After watching this movie at my local cinema, I decided to head to the restroom before starting my drive home. At about the same time, there was an older couple standing near the bathrooms. They appeared to be in their early to mid 60’s. The gentleman was holding a large bucket of popcorn. He told his partner that he’d be back after visiting the restroom. He ended up walking into the restroom in front of me.

So I’m standing in the restroom, tending to the business at hand, enjoying the ability to stretch my legs after sitting through another great cinematic masterwork (🙄) and I realized that the gentleman that had entered the restroom before me was done.
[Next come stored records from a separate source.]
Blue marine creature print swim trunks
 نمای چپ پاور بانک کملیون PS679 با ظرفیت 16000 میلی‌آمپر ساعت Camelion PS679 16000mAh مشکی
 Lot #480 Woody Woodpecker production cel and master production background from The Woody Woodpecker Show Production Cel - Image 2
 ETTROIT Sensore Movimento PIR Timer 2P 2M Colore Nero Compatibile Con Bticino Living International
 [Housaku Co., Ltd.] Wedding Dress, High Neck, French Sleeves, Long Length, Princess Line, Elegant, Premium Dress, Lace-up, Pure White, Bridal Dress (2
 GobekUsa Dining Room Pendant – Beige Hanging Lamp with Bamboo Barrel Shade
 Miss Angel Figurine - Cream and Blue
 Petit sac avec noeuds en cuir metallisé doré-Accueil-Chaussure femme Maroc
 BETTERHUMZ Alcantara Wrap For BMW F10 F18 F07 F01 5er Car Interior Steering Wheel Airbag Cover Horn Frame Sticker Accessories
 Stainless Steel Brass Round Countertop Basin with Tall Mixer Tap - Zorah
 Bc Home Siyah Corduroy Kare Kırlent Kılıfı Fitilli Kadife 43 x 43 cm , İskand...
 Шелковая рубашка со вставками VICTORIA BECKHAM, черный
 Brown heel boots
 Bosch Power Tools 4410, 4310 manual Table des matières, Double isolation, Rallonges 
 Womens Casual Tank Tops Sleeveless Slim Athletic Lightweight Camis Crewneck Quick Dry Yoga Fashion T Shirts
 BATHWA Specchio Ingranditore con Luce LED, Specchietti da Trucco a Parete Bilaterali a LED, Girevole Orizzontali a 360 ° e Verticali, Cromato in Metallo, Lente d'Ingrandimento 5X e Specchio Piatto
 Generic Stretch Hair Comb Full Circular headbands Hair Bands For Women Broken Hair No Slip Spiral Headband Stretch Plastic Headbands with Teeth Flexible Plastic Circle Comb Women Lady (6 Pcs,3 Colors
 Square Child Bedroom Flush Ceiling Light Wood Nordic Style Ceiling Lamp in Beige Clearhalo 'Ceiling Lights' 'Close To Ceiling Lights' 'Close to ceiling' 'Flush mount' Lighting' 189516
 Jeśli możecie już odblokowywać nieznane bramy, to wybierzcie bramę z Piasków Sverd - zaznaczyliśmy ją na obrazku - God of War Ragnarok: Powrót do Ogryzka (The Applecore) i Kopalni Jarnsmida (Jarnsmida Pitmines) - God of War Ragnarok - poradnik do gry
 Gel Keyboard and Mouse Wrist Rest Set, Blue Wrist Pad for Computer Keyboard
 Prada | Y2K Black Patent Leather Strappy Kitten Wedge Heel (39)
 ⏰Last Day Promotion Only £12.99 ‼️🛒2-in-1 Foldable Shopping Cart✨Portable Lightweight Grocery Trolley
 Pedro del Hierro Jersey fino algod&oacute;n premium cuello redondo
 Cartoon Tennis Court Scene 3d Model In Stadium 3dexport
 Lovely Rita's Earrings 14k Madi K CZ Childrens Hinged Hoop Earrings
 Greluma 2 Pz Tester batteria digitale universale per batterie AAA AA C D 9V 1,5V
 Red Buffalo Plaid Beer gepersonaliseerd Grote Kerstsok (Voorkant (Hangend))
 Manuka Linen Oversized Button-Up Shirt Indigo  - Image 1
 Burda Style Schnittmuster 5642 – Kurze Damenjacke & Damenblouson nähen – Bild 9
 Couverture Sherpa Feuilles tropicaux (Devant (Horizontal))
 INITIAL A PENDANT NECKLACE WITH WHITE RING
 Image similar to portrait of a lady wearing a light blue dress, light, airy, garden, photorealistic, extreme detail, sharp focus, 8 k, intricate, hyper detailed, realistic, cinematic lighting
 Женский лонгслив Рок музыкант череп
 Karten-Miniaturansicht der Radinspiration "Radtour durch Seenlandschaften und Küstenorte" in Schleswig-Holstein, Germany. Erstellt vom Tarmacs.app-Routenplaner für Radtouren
He flushed the urinal, and walked quickly out of the restroom, most likely eager to thrust his grubby, soiled hands into that large bucket of popcorn he was most likely sharing with his partner.

Human beings are slovenly bags of meat. Just ambling totems of sweat, drool, and greed. Humans have always been this gross, and probably always will be. Being turned into a zombie isn’t as far of a change as it might seem at first glance. It may come as a surprise to some, but in most zombie movies, the undead horde isn’t the monster. They aren’t the ravenous, thirsty ghouls most threatening the heroes. We’re the most dangerous creatures to each other in any given zombie scenario. Our blind greed and self interest is the real foe.

Self interest seems to be the primary reason this movie was made. It’s not particularly funny, or witty, or even interesting. It doesn’t even have anything in particular to say, other than “Thanks for buying a ticket”. The acting is fine for what it is, the script was uninspiring but serviceable. The special effects get the job done. I just can’t really think of a reason to see this movie. At first blush, I’d say check it out if you like “zombie movies”, but this isn’t that. It’s a road trip comedy movie with zombies in it.

They're here to kill zombies and collect a paycheck. And they're all out of zombies...

Maybe the guy that didn’t wash his hands after taking a leak would really like it, but I thought it was just “meh”. There’s literally not much here to even comment on. Everything about this movie is right there on the surface. You’ll know if you’re going to like it within the first 60 seconds of watching the goofy intro sequence. I was mostly entertained, but not really impressed in any way.